Segment Start: Information supplied
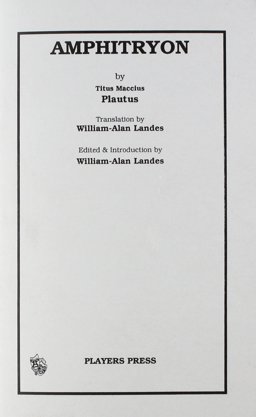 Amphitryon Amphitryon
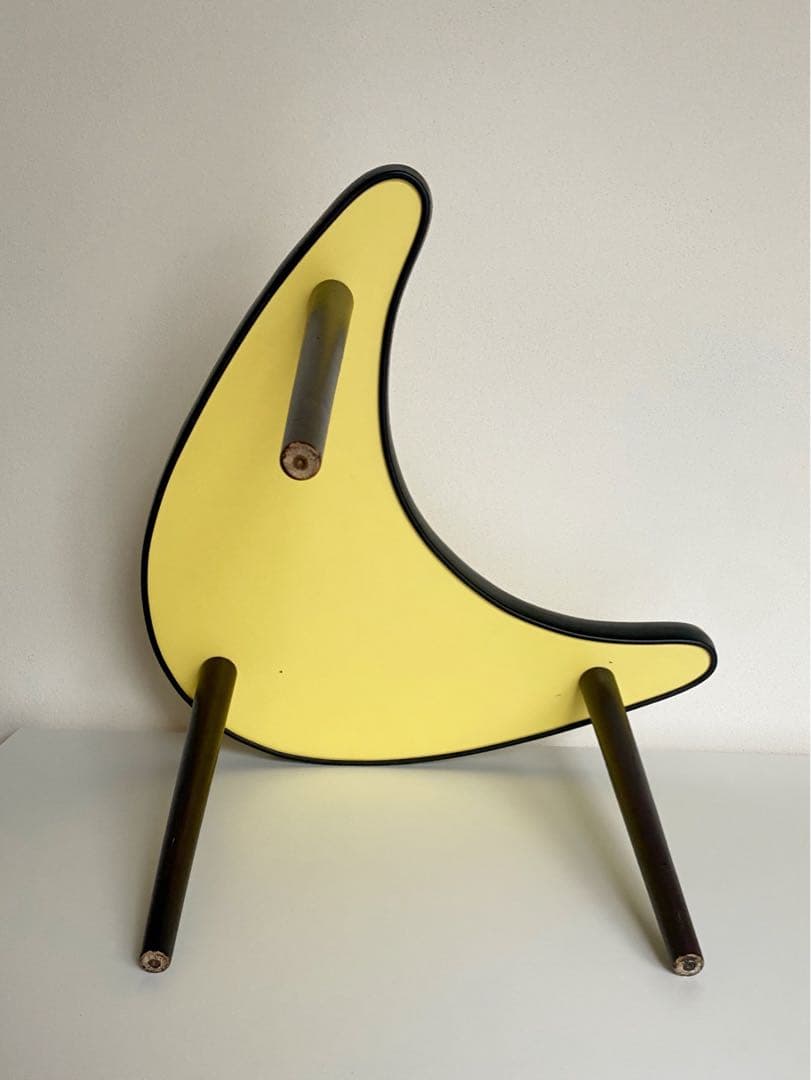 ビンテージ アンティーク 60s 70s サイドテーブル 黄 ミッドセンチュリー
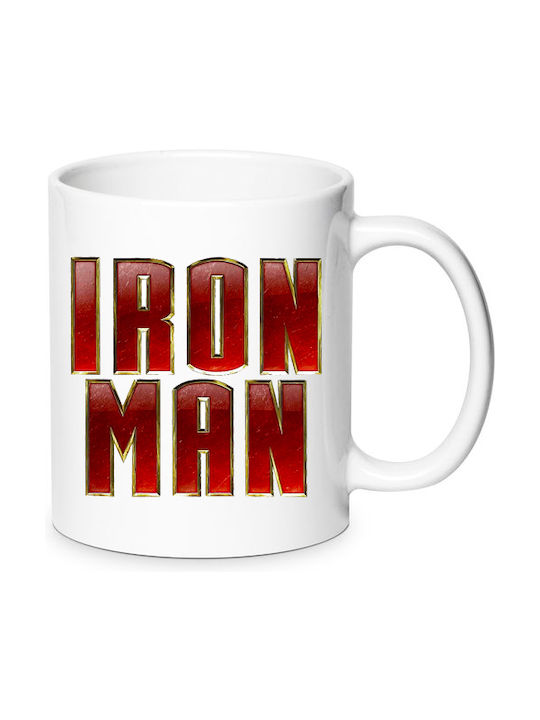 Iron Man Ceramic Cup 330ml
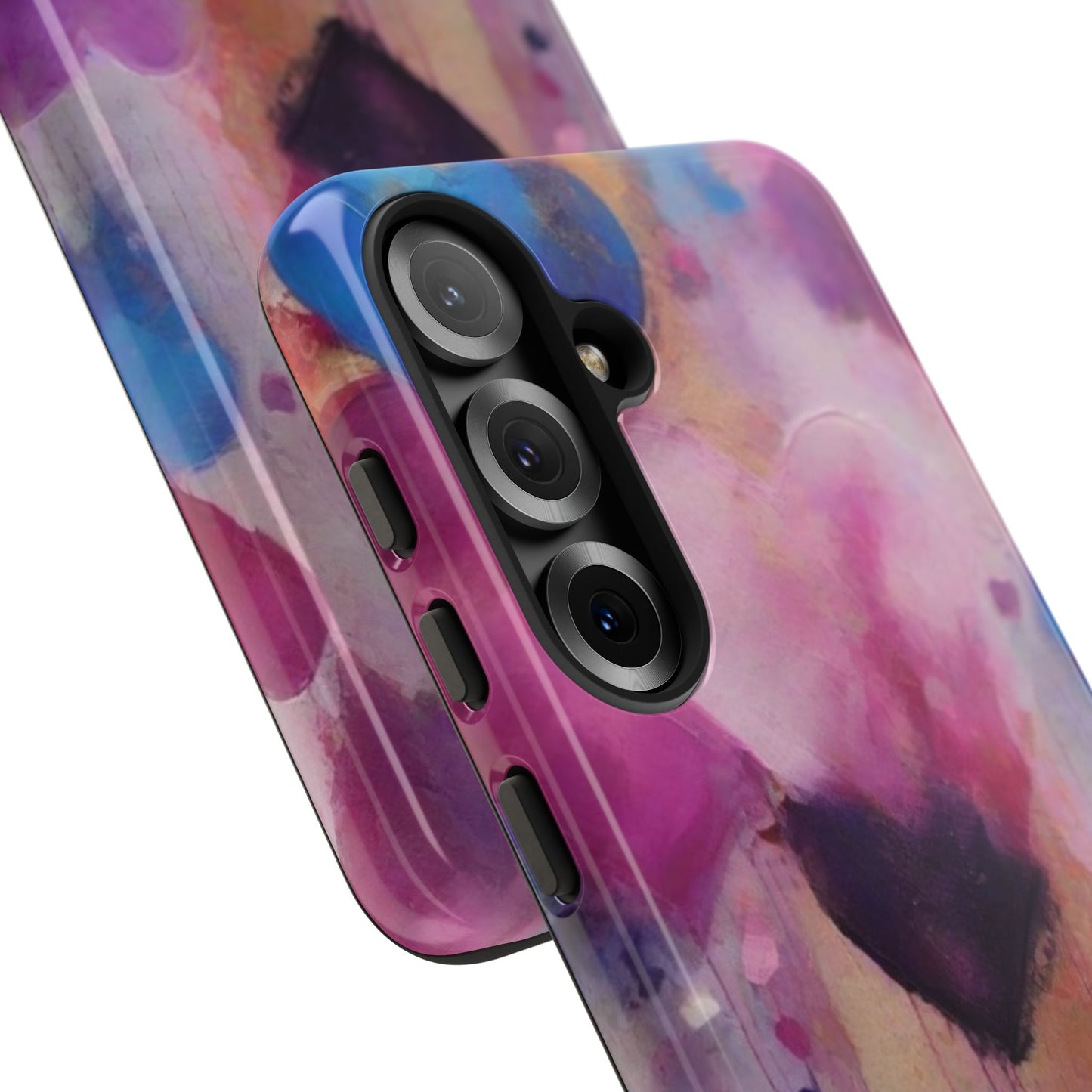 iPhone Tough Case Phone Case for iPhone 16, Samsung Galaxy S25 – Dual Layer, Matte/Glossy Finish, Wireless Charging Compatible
Segment End: Information supplied
■ Activity
Return the listing above in full and exactly, omitting all pictures.

■ Output for this task
 Amphitryon Amphitryon
 ビンテージ アンティーク 60s 70s サイドテーブル 黄 ミッドセンチュリー
 Iron Man Ceramic Cup 330ml
 iPhone Tough Case Phone Case for iPhone 16, Samsung Galaxy S25 – Dual Layer, Matte/Glossy Finish, Wireless Charging Compatible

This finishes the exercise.